Spending Accounts-HR @ Carnegie Mellon University - Carnegie Mellon University

Spending Accounts
(For Full-Time Benefits-Eligible Faculty and Staff)

Carnegie Mellon offers both a Health Care Flexible Spending Account (HCFSA) and a Dependent Care Reimbursement Account (DCRA) to help you lower your health and dependent care expenses by paying with tax-free money. You may enroll in either the HCFSA or DCRA, enroll in both accounts, or opt out of the accounts. Our spending accounts are administered by Benefit Coordinators Corporation (BCC). 
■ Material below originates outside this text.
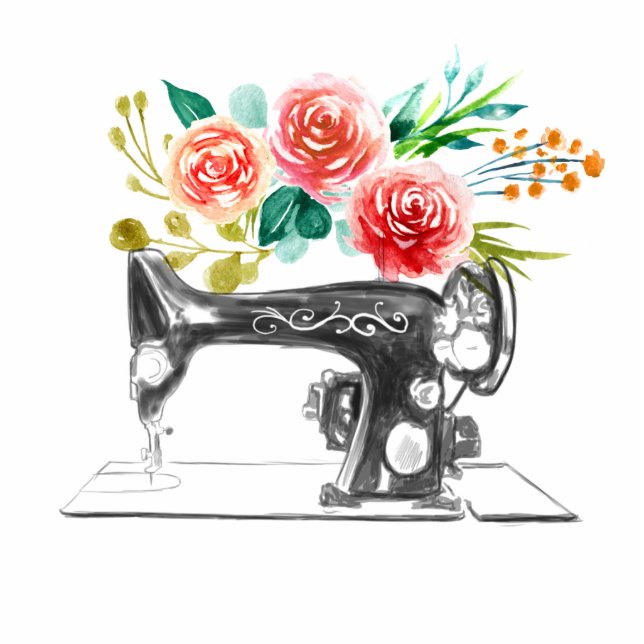 Nähmaschine Schwarz Roter Cutout Foto-Skulptur Freistehende Fotoskulptur (Vorne)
How Spending Accounts Work 

  1. Determine your expected out-of-pocket expenses that you will incur in health or dependent care costs. 
  2. Carefully estimate the amount you will set aside into each kind of account each month. Try to contribute enough to cover most of your expected expenses (since it saves you money), but not more than you will use—what you do not use, you will lose, as per IRS regulations.
  3. Each month, the amount you selected will be deducted from your pay before taxes are assessed.
  4. Throughout the year, you will incur eligible health or dependent care expenses. You may pay for them out of pocket or with an FSA debit card.
  5. For expenses that you pay out of pocket, file claims to reimburse yourself with your tax-free money.
  6. Claims incurred during the plan year should be submitted to Benefit Coordinators Corporation by June 30 following the end of the plan year.
    • For the HCFSA, the plan year is the calendar year plus a two-and-a-half month grace period (for example, from January 1, 2015 - March 15, 2016).
    • For the DCRA, the plan year is the calendar year.

FSA Debit Cards

Benefit Coordinators Corporation (BCC) provides a debit card that you can use to pay for eligible HCFSA and DCRA expenses. This eliminates the need to pay for the expense up front and file a claim for reimbursement. In many cases, it eliminates the need to provide supporting documentation as well.
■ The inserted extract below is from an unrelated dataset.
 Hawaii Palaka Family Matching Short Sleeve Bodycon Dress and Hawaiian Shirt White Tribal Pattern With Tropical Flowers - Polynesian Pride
See the Submitting Claims page for detailed information about the FSA debit card.

Tax Implications of Participating

You can save up to 25% on the money you spend on eligible expenses by contributing to the spending accounts on a pre-tax basis. However, you should be aware of the other financial implications of using these accounts.

  • State income taxes: Pennsylvania does not recognize pre-tax benefit contributions for the Dependent Care Reimbursement Account. Therefore, the money you contribute to a DCRA will be subject to state taxes. HCFSA contributions are exempt from state taxes, as well as federal taxes.
  • Impact on Social Security: When you reduce your taxable income for Social Security purposes, you may also reduce by a small amount what you may claim in Social Security benefits at retirement.
  • Earned Income Tax Credit: Paying for benefits on a pre-tax basis may put employees who are eligible for the Earned Income Tax Credit at a disadvantage when they file for federal income tax credits.